*YOUR GOAL:* From the entries that follow, reproduce exactly and only the lines from the line with "I used a while" to the line with "Thank you for", endpoints included.

*RECORDS SHOWN:*

..............................

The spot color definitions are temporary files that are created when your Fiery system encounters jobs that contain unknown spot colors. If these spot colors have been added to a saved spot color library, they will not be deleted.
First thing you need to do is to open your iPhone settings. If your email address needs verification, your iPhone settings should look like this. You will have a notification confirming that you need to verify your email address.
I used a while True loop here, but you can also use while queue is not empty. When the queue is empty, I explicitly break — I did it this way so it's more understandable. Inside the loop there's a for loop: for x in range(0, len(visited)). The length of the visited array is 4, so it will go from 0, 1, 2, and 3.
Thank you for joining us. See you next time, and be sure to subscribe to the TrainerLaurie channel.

..............................

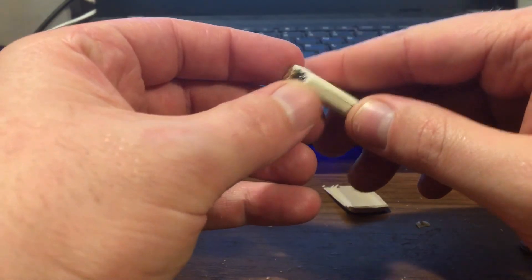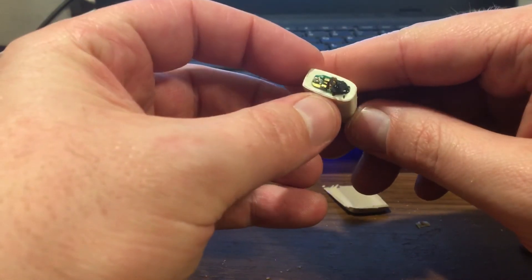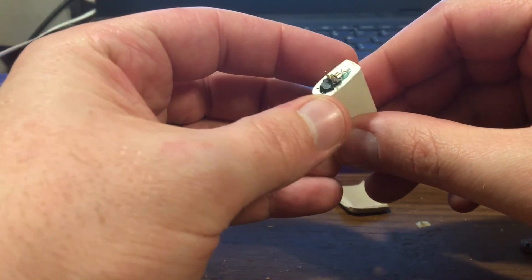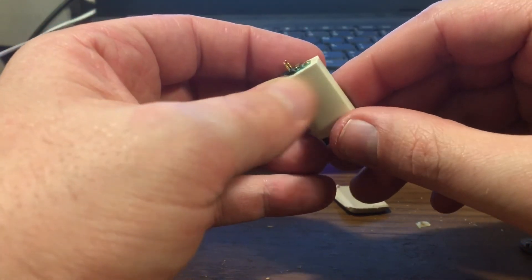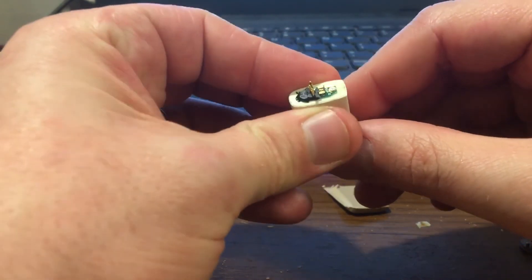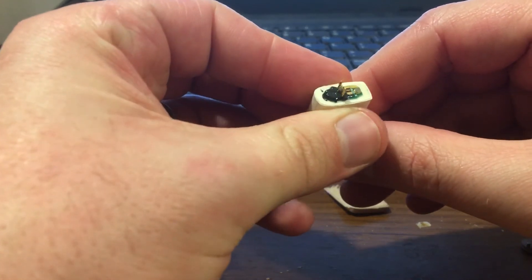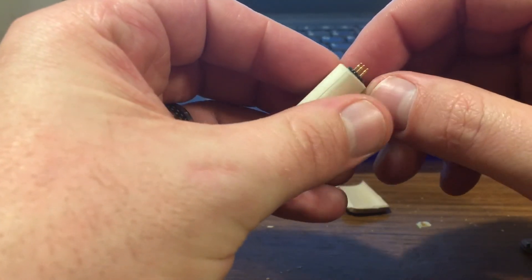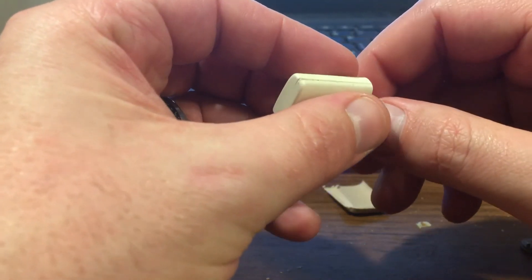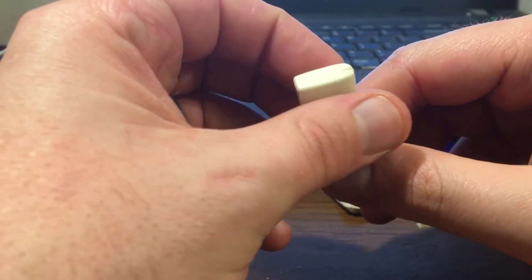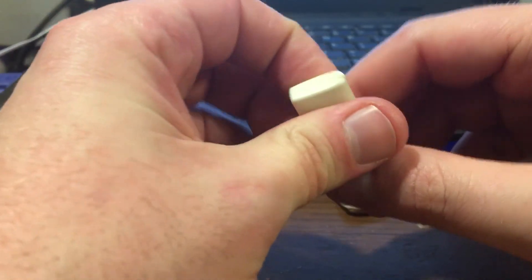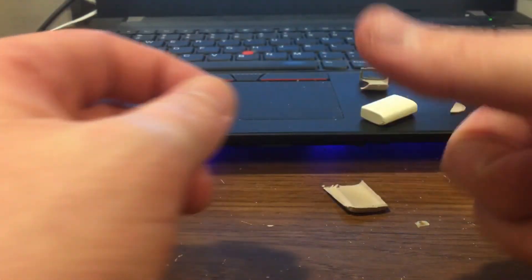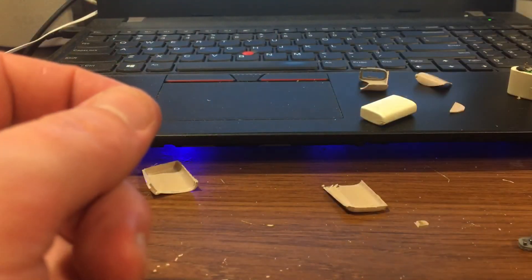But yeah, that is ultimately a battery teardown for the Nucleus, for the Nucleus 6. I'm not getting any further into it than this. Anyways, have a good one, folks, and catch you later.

..............................

*SOLUTION TO THIS PROBLEM:*
I used a while True loop here, but you can also use while queue is not empty. When the queue is empty, I explicitly break — I did it this way so it's more understandable. Inside the loop there's a for loop: for x in range(0, len(visited)). The length of the visited array is 4, so it will go from 0, 1, 2, and 3.
Thank you for joining us. See you next time, and be sure to subscribe to the TrainerLaurie channel.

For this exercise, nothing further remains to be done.